### Problem details
An exact copy of the entries below is needed, with every picture left out.

### Records shown
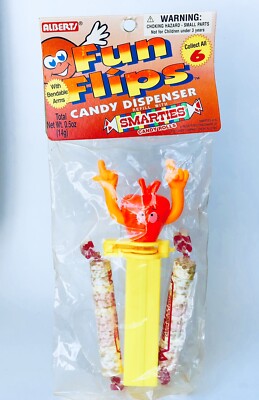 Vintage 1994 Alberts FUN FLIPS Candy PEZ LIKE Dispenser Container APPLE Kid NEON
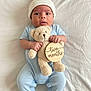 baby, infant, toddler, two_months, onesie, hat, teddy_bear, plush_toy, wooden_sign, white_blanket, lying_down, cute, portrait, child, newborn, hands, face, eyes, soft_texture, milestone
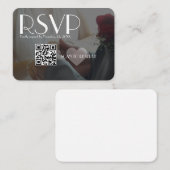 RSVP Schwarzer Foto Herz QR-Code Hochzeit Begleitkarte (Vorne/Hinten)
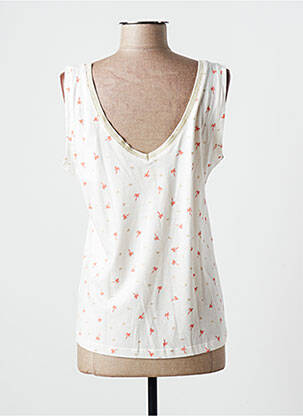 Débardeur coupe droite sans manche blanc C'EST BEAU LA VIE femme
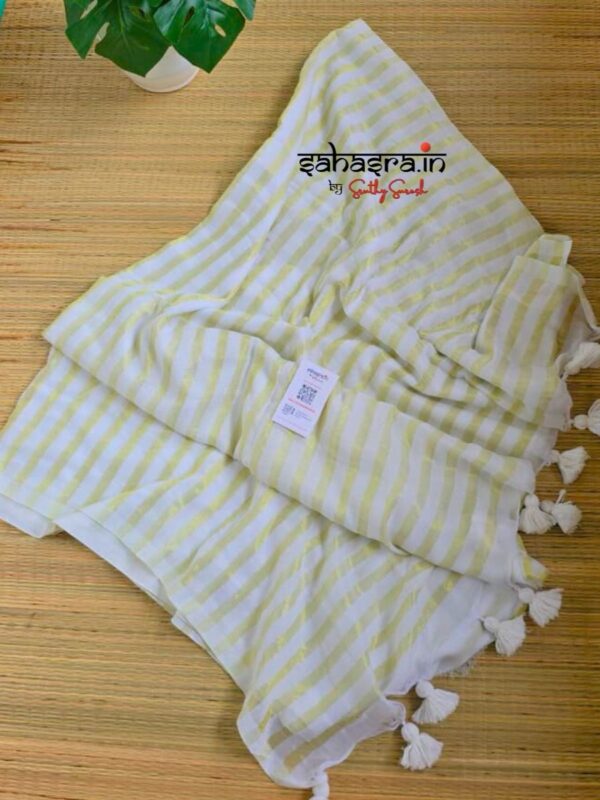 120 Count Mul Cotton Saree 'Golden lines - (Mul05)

### Response
 Vintage 1994 Alberts FUN FLIPS Candy PEZ LIKE Dispenser Container APPLE Kid NEON
 baby, infant, toddler, two_months, onesie, hat, teddy_bear, plush_toy, wooden_sign, white_blanket, lying_down, cute, portrait, child, newborn, hands, face, eyes, soft_texture, milestone
 RSVP Schwarzer Foto Herz QR-Code Hochzeit Begleitkarte (Vorne/Hinten)
 Débardeur coupe droite sans manche blanc C'EST BEAU LA VIE femme
 120 Count Mul Cotton Saree 'Golden lines - (Mul05)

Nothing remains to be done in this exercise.